If you think that interacting eith japanese at work or shops or restaurants is the same as becoming part of them, well, that is ok, you seem to live there. I think it is more difficult than in other countrues and by this I am not meaning they are bad.

For example, far fewer japanese speak english than other developed countries, which is a trait of ehat they care about.

Also, when working or interacting with japanese myself, I found they follow rules really strictly compared to the "flexibility mindset" that westerners tend to have when solving problems.

They will not go and correct their bosses if they see mistakes because "they will notice themselves". So there is a lot of room to make innocent mistakes when interacting with them and many, face it, are not even that interested beyond a trivial and polite conversation and I am not meaning bad. Every culture has their priorities and taste.

> For example, far fewer japanese speak english than other developed countries

My point was specifically about decoupling culture from language. And notably you didn't clarify about the Romanian who I guess must have spoke Spanish.

Sorry but there are many eastern countries that are considered "developed" while the English speaking population is nothing compared to Western countries like in the Europe. Of course I wish they taught if better to open global opportunities but that doesn't mean anything in terms of culture. It's a language issue and luckily AI is much better at dealing with them than culture.

Language and culture are intimately tied. You cannot just make them separated things.

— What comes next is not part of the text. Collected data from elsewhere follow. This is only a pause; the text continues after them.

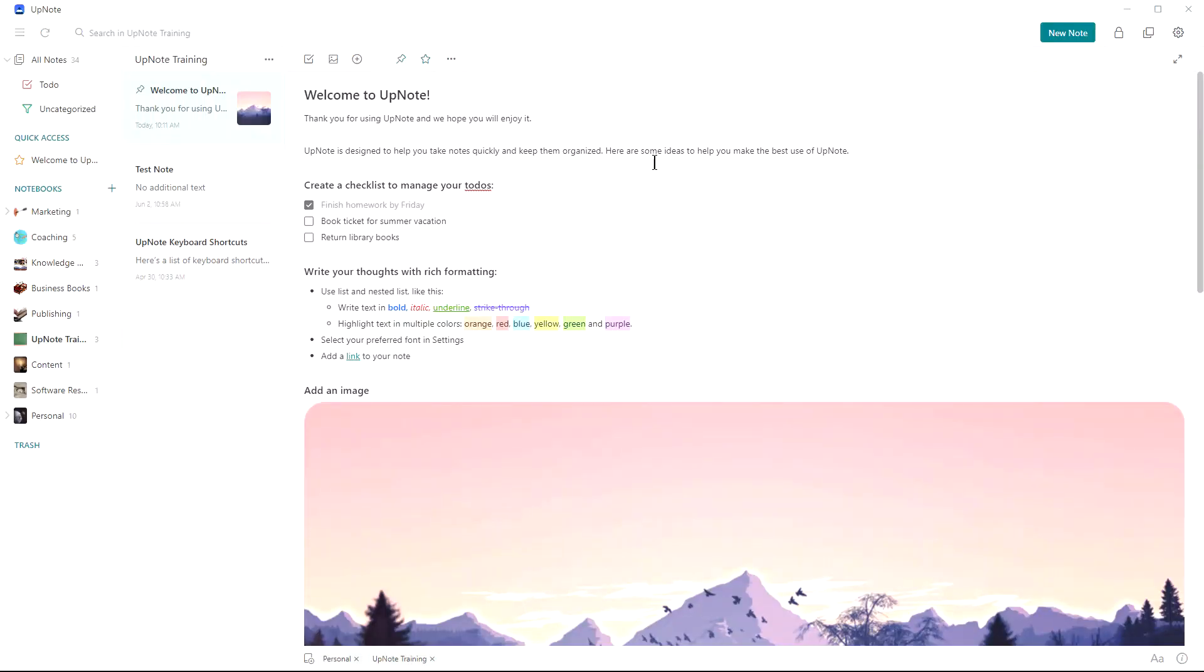Greetings fellow productivity seekers. Garland Coulson, Captain Time here. And in this video we're going to do a review of UpNote, which is a note-taking program.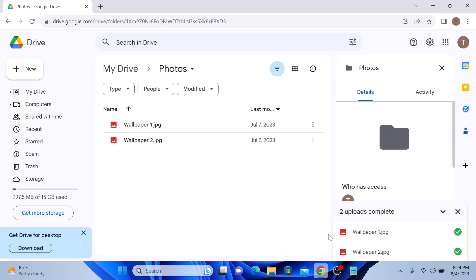And there you have it, a quick and easy tutorial on how to upload your photos to Google Drive.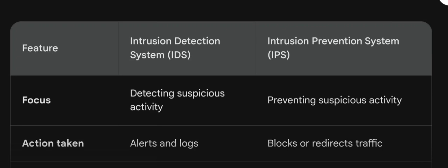The first feature is focus. IDS focuses on detecting suspicious activity, whereas IPS, as the name suggests, tries to prevent suspicious activity. The action taken by IDS is that it gives alerts and logs about the suspicious activity.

You can pretend to do it. In some way it is similar to religion: you can pretend the westerner world has no religion. However, in our conduct and behavior, there is a huge christian remnant.

The same, in some way, happens with languages: the words used, the words that exist in one language and not in another, the connotations a word has... there is lots of culture embedded in a language and when you change language, culture cannot stay the same anymore. It varies bc the culture itself is embedded in languages.

I kind of suspect it might be worth clarifying what a language is and how it's differentiated from culture. I've heard that honorifics works differently in Korean language e.g. for a supervisor in work situation where one is not expected to use one for his own supervisor in Japanese, while one absolutely is in Korean, and I feel that's more towards culture while also possible to include in grammatical ruleset.

> cooked I can't do, sashimi I'm fine

btw completely understand this. My technical brain says just pure NaCl and pure heat for a whole fish as caught with absolutely no herbs allowed is technically crazy. I hated the brown chiai regions in buri slices growing up. It's crazy that yaki-zakana, literally "roast fish" is one of characteristic dish of the country.